E Fogar ha avuto modo di scrivere che lo ha incarico di portare un fascio di rose rosse a Mauro, ogni anno, nell’anniversario della morte. E ha sottolineato: “Con lui (Mauro) c’è sempre qualcosa di mio e viceversa. Sogno spesso la zattera e Mauro e i nostri discorsi di quei 74 giorni alla deriva”.

Dopo la “zattera”, per Fogar diventa tutto difficile. Esplodono polemiche anche nel 1983, per la sua avventura al Polo. Polemiche che appaiono provocatorie. Non c’è nulla di misterioso o di falso. Infatti, con una lettera inviata al direttore del “Corriere della Sera”, scritta dal pack il 2 aprile 1983, e fatta pervenire attraverso il pilota dell’aereo, lo informa che non è più “Un uomo e il suo cane al Polo Nord”, bensì “un uomo, il cane e... il suo aereo al Polo Nord”. La lettera viene pubblicata il 25 aprile, una settimana prima dell’arrivo al Polo.

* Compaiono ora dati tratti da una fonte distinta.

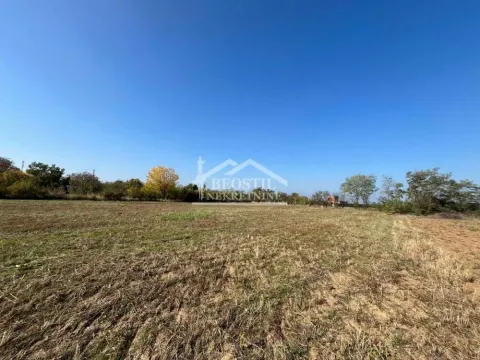 Sale, land lot, 2000m², Zlatno Brdo, Smederevo - image 3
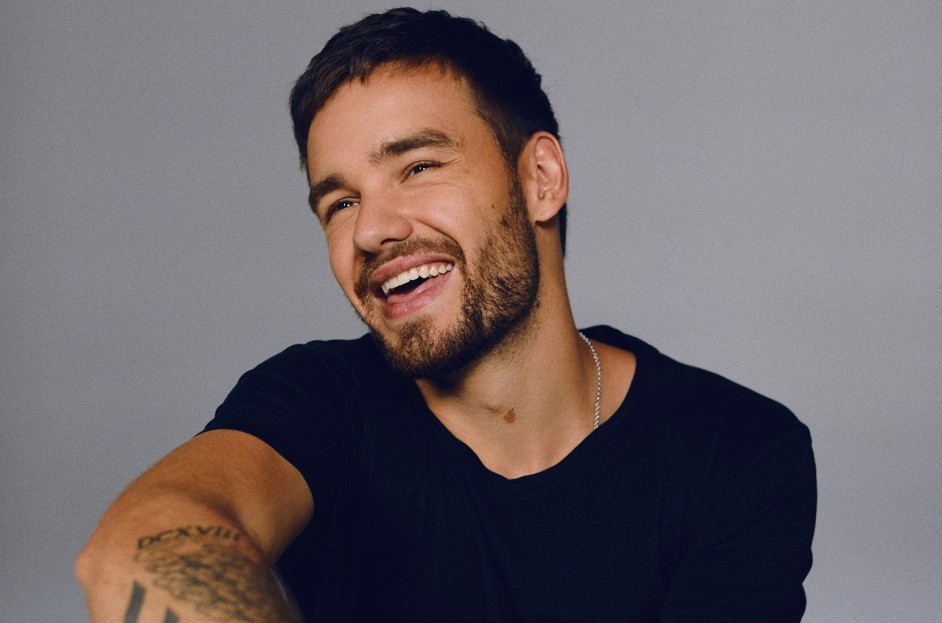 Filho de Liam Payne é único herdeiro de fortuna de US$ 28 milhões, dizem documentos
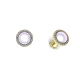 1PE 577      PENDIENTES ORO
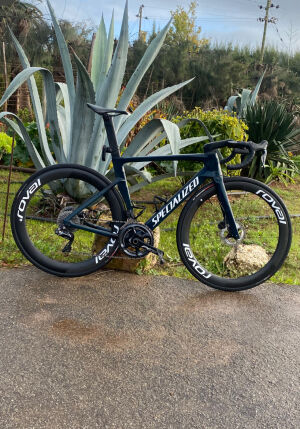 Specialized Venge pro | Road Bikes | Bike Hub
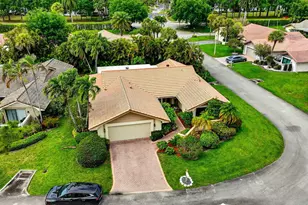 6839 Villas Dr S, Boca Raton, FL 33433 - Photo 92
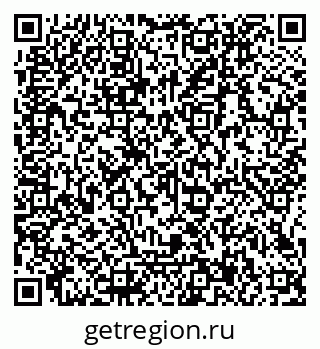 79066117826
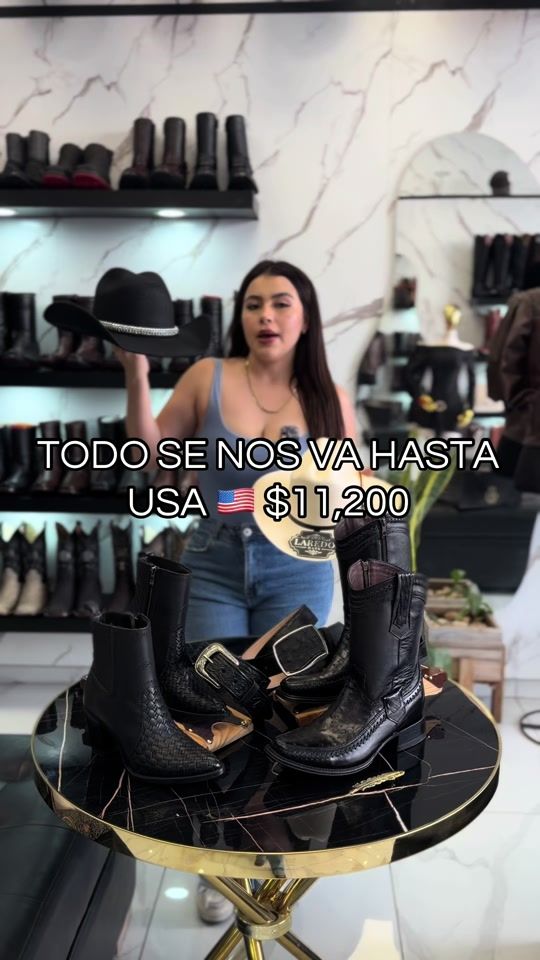 TikTok video thumbnail by liz_escobar5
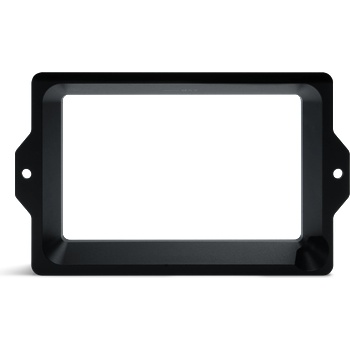 Phrozen Метален резервоар за смола - Lumii (53010020032001)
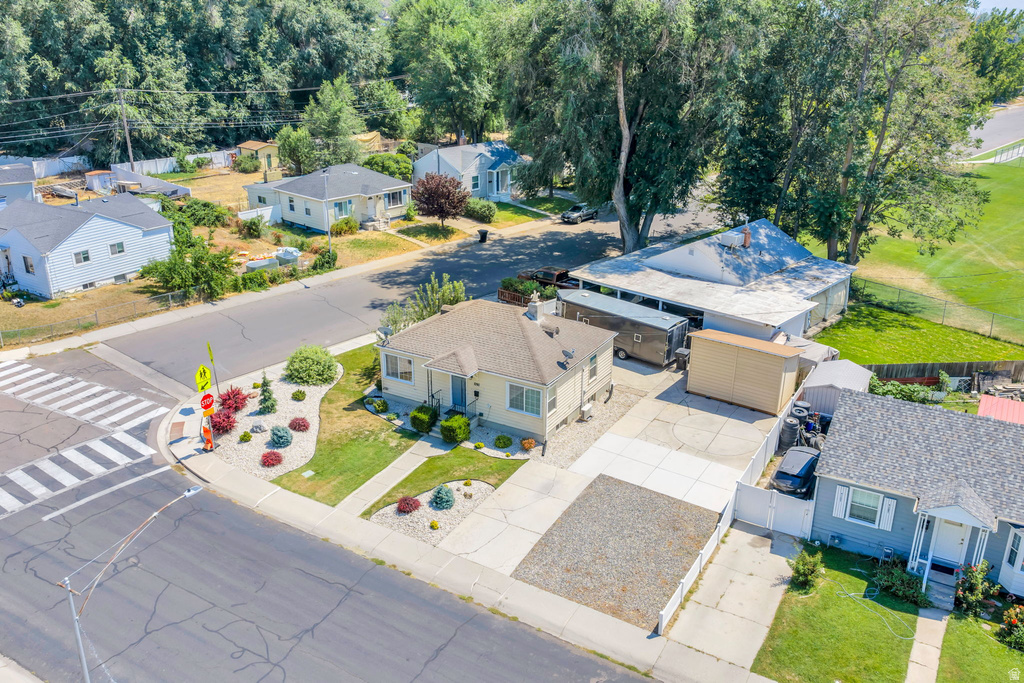 1090 E 460 S ST photo 2
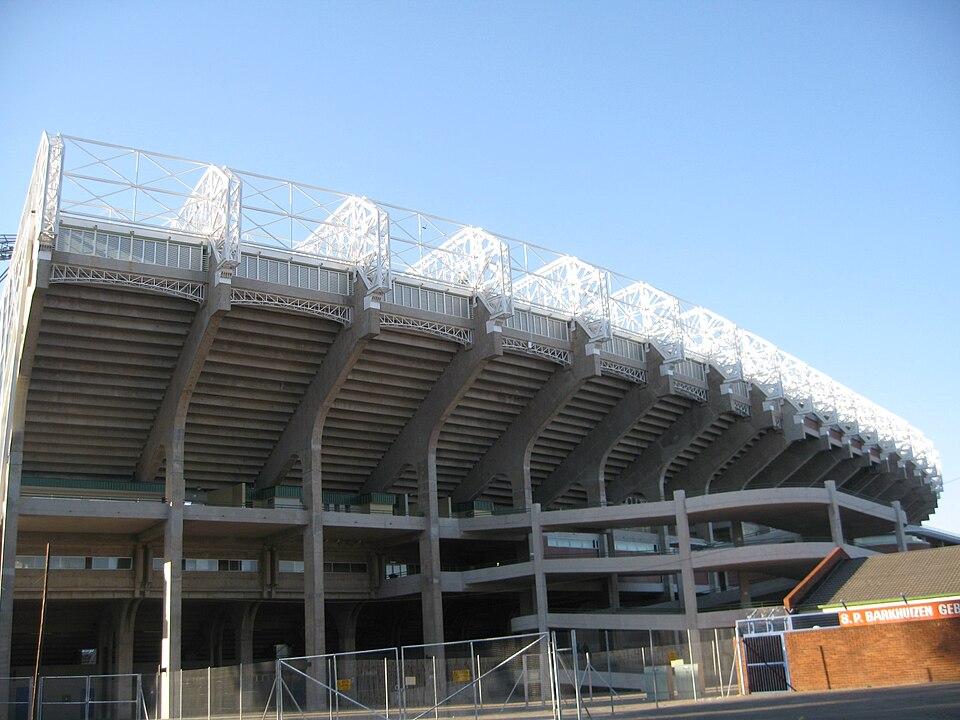 Fayl:Free State Stadium1.jpg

Nel momento difficile, ha pensato all’amico Benito. Il 2 aprile gli ha scritto: “E’ il viaggio più difficile, più terribile che un uomo possa ideare. E’ come scappare tutti i giorni dalle mani della morte camminando su un mare di cristallo che può rompersi proprio lì...”.

Poi l’incidente durante il ralley Parigi-Mosca-Pechino, insiene a Vismara. Un incidente banale, ma la speranza mai sopita, la sua voglia di continuare a vivere, di non arrendersi. Nel settembre 1996 - racconta Bartolucci - è venuto qui, a Fucecchio, a casa mia, e ha ricevuto visite di numerose persone che gli hanno dimostrato stima e affetto. Ci sentiamo spesso, per telefono, specie quando abbiamo da farci confidenze. Una frase mi ricorda spesso: chi non ha la speranza non è neppure sicuro del prossimo respiro.

Lo sguardo va ancora all’archivio, alla zattera che sembra così piccola, alla slitta, alla tenda, alle cassette registrate. Ce n’è per mettere su un piccolo museo, capace di raccontare trent’anni della vita di un navigatore solitario, importante al pari di Slocum, Dumas, Chichester, Rose, Blyth, Colas.